A long hot summer

                   As I write this the first real rain is falling and it's enough to fill the water butts for the first time in many weeks. It has been just too hot to work in the wood even though there is always work needing doing. Its has been especially hard on the flora and fauna there and many of the trees have started to lose their leaves early: it is a way for them to conserve moisture by preventing evaporation from the leaves. For trees that are already suffering from the effects of old age or fungal attack the additional heat stress has the effect of accelerating their decline. Our main oak tree has been on the wain for many years, each Autumn it hosts impressive bracket fungus, a sign of the rot within. This Summer the fungus has multiplied and there is deep crack now running up the trunk. The tree is slowly dying, which is showing in the thinning canopy and t yellowing of the leaves. It is a favourite tree, right in the place where we spend most of our family time and where I turn my truck around. Soil compaction around its base must also play a part in its decline. There is a saying that oaks take a hundred years growing, then a hundred years living and a hundred dying.....so it will be with us for a few years yet and even then it will provide a great resource for many creatures, especially for woodpeckers.

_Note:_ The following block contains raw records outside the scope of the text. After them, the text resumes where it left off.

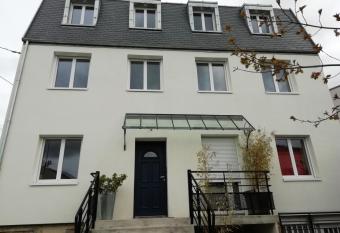 Logement fonctionnel jardin 12 minutes La D  fense allows 18 year olds to book a room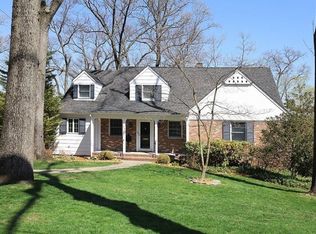 372 Grandview Cres, Ridgewood, NJ 07450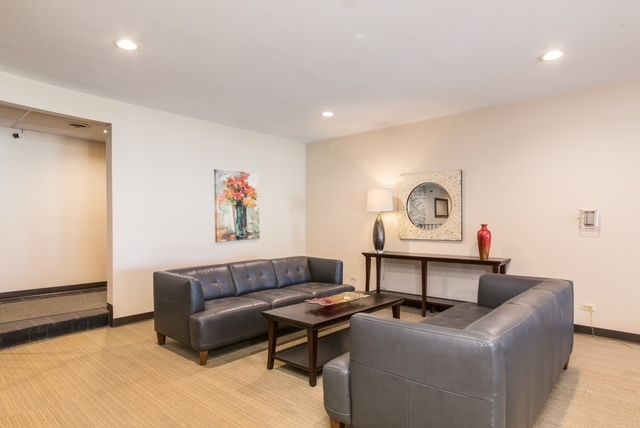 2400 WINDSOR MALL 2H, Park Ridge, IL 60068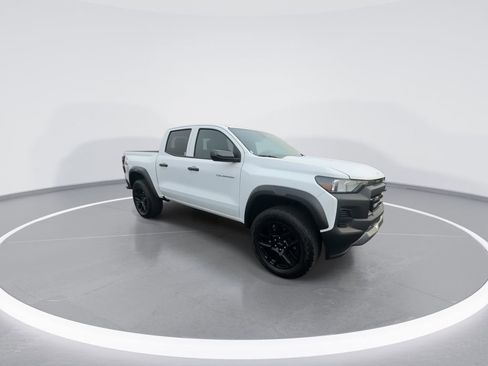 Used 2025 Chevrolet Colorado Trail Boss image 2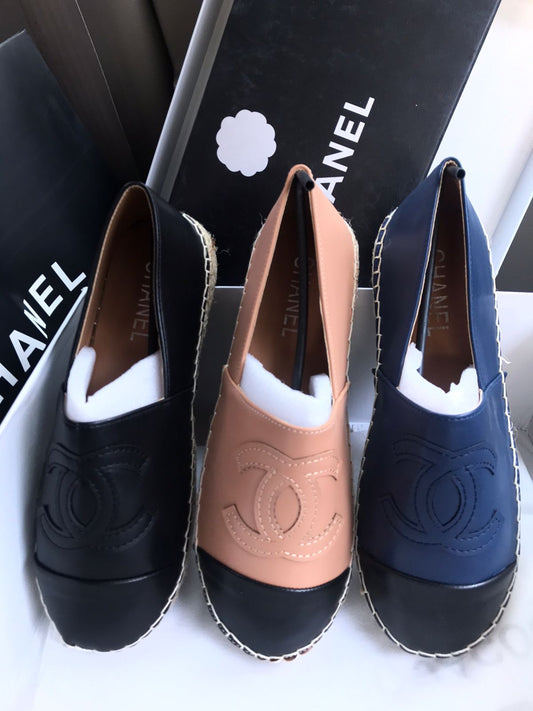 Chanel espadrilles nude with black toe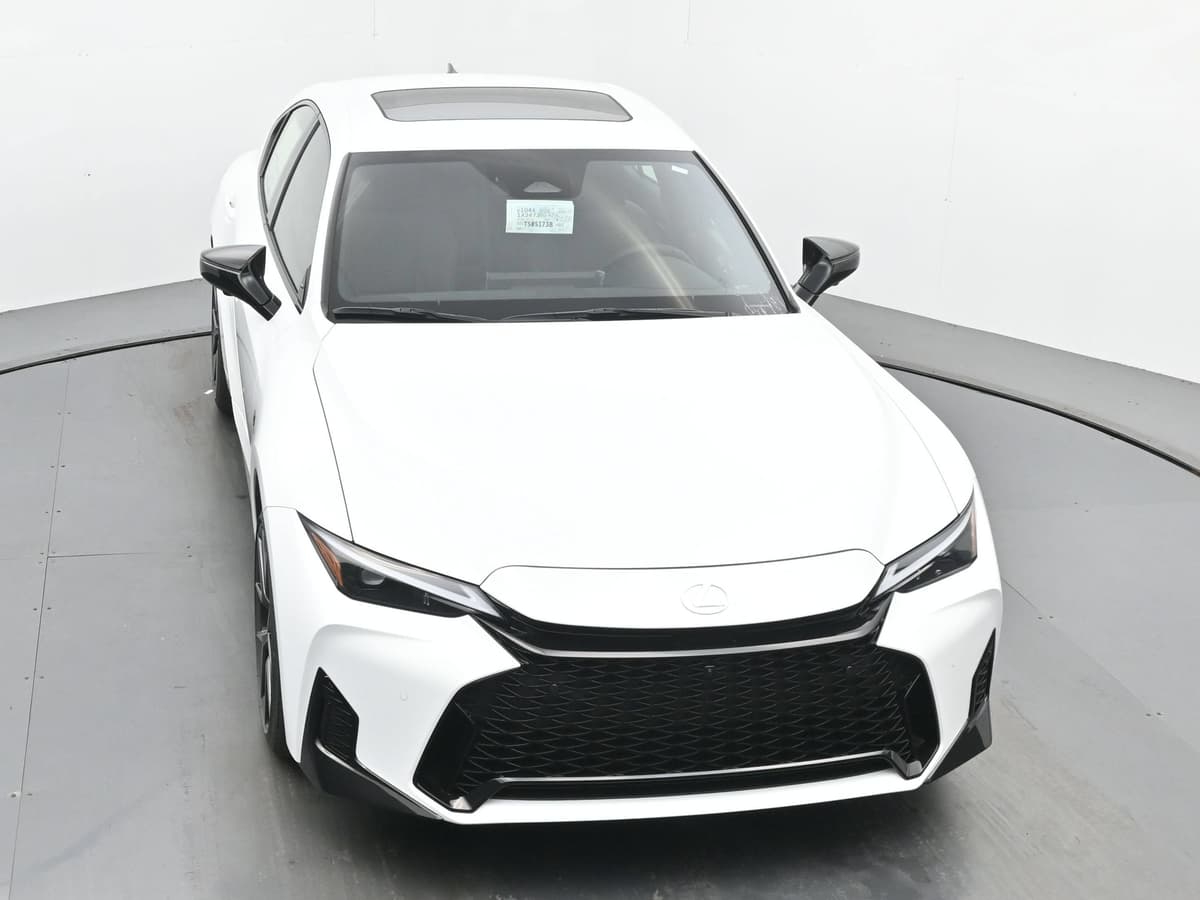 2026 Lexus IS 29
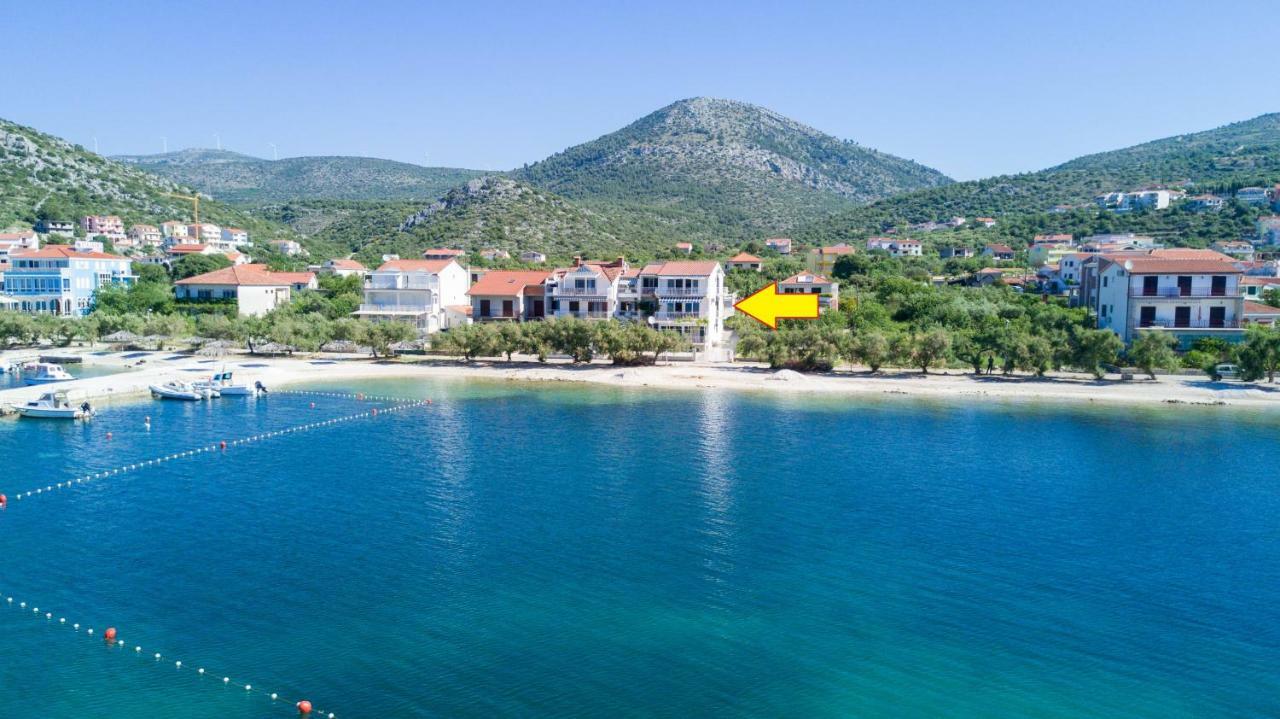 Villa Rozana - Beachfront Wellness Retreat Seget Vranjica Exterior foto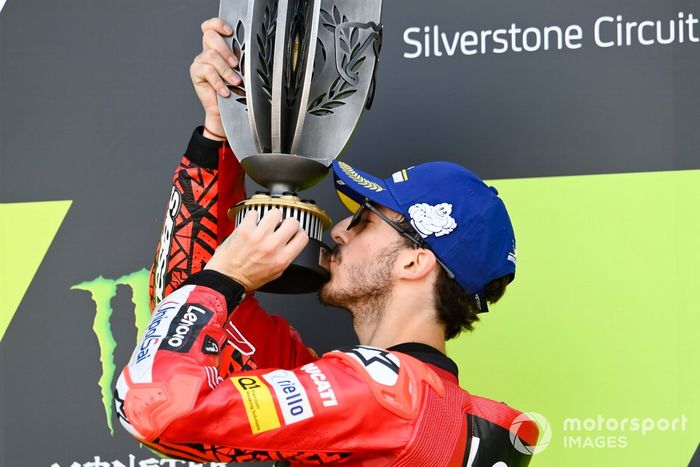 Podio: ganador Francesco Bagnaia, Equipo Ducati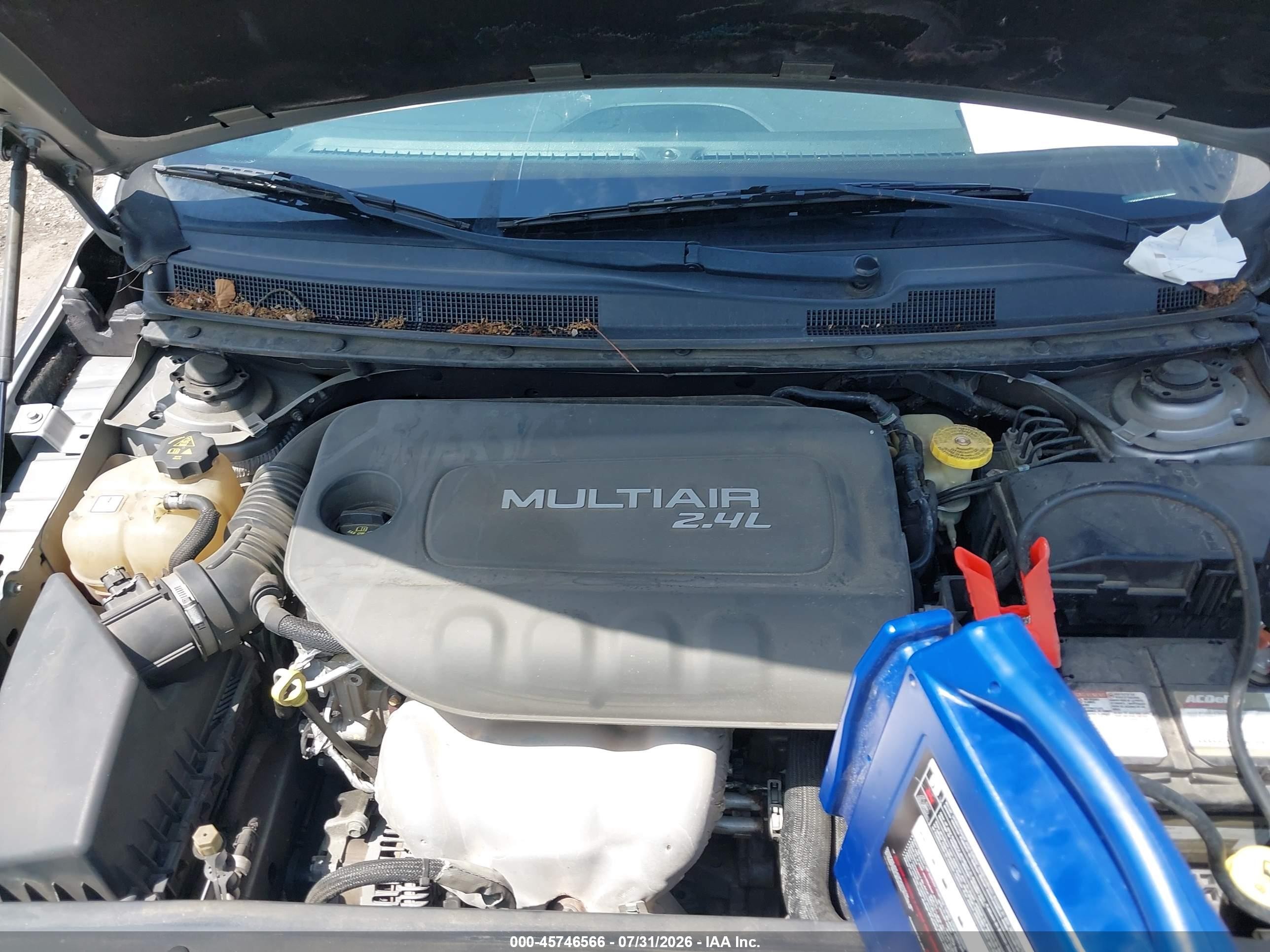 2015 Chrysler 200 Limited Серебряный vin: 1C3CCCAB0FN613564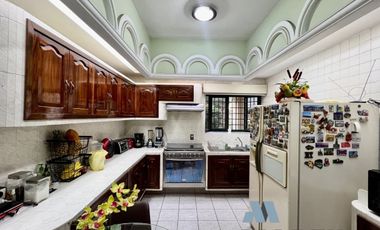 Casa en Venta Para Consultorios Oficinas Frente Jardin Corregidora Centro Colima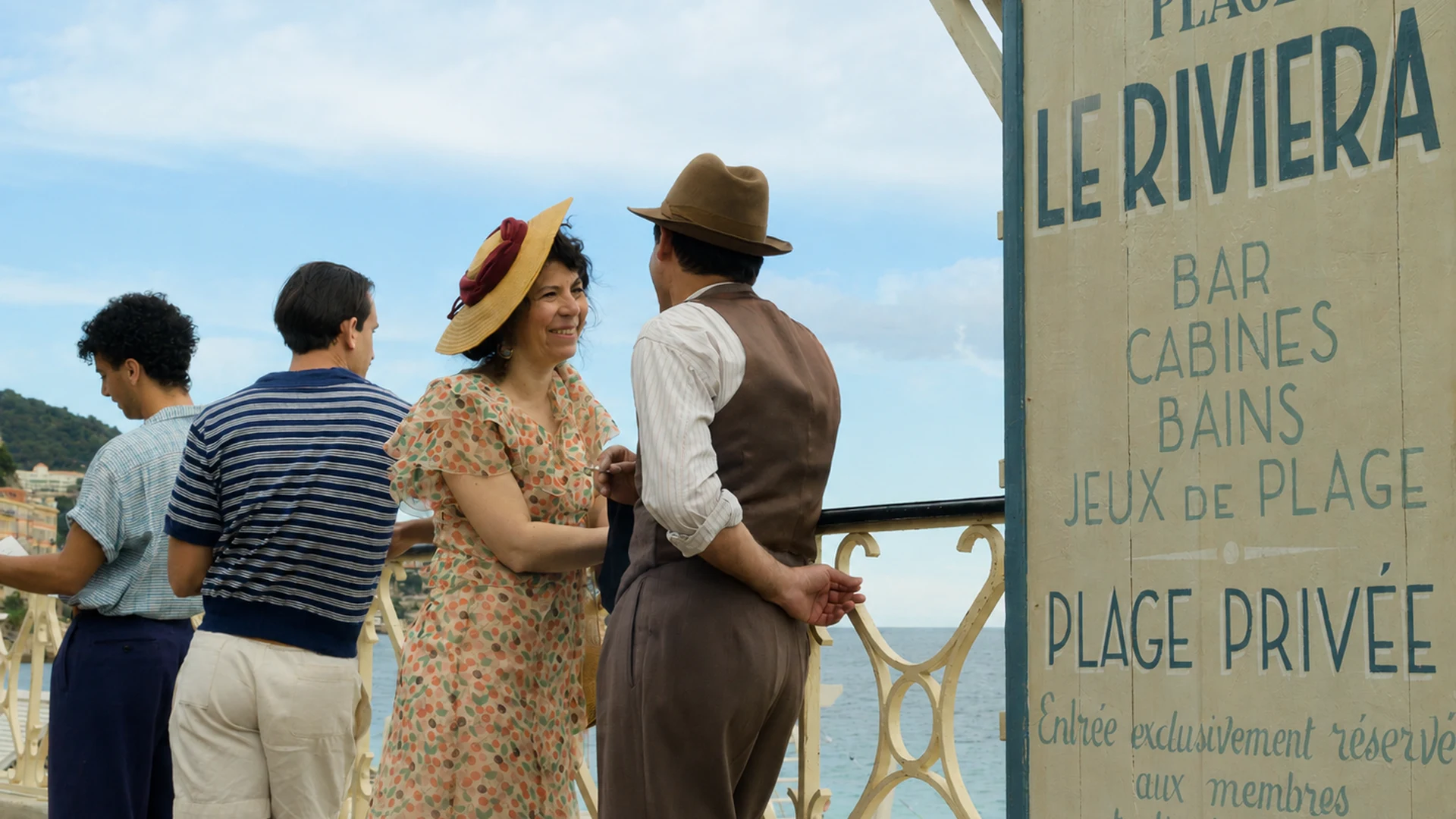 Panneau « Plage Le Riviera » : reconstitution d'une plage privée de palace à Nice dans la série L'Été 36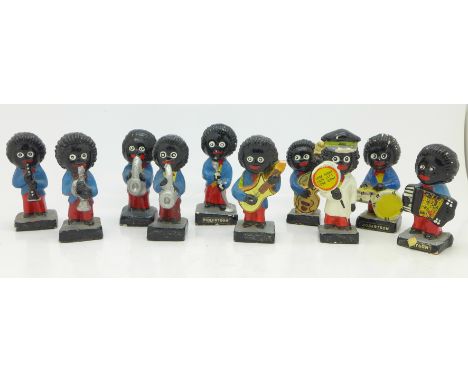 Robertsons advertising figures, jazz band and one other, one a/f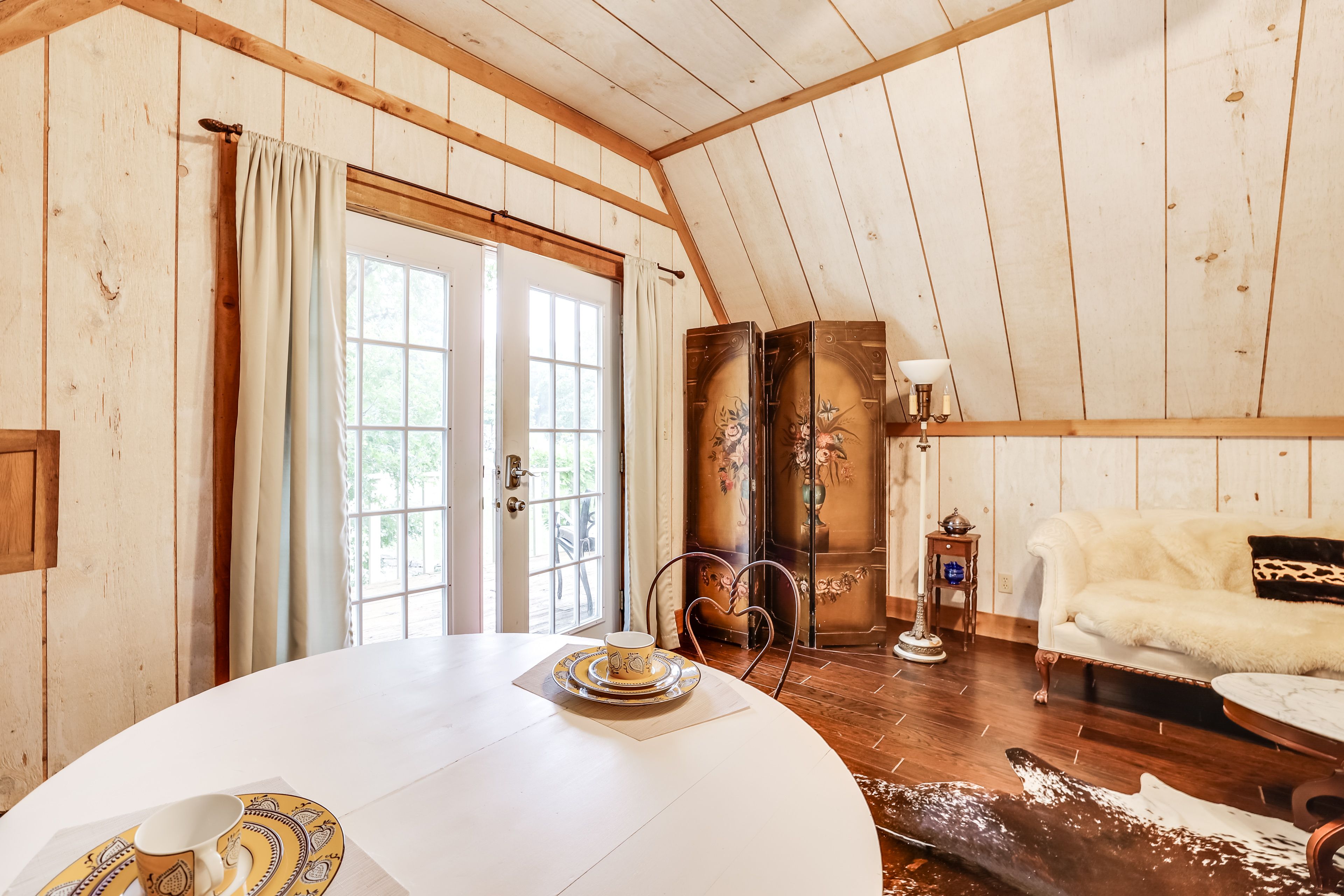 Dining Area | Dishware & Flatware Provided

                On the ground the first signs of Autumn are appearing. Even in the dry conditions the first fungi are pushing through the leaves and the chestnuts are filling up. Perhaps there will be a good crop of both. 

Signs of heat stress on our big Redwood tree

Dead trees are much valued by Great Spotted Woodpeckers


The first fungi appearing

These are a species of Brittle cap, often brightly coloured

Bracket fungi spreading on the old Oak, those on its right side are new this year

the thinning canopy and yellowing leaves

the new fissure in the main trunk, not a good omen.
Will it be a good year for chestnuts in spite of the drought ?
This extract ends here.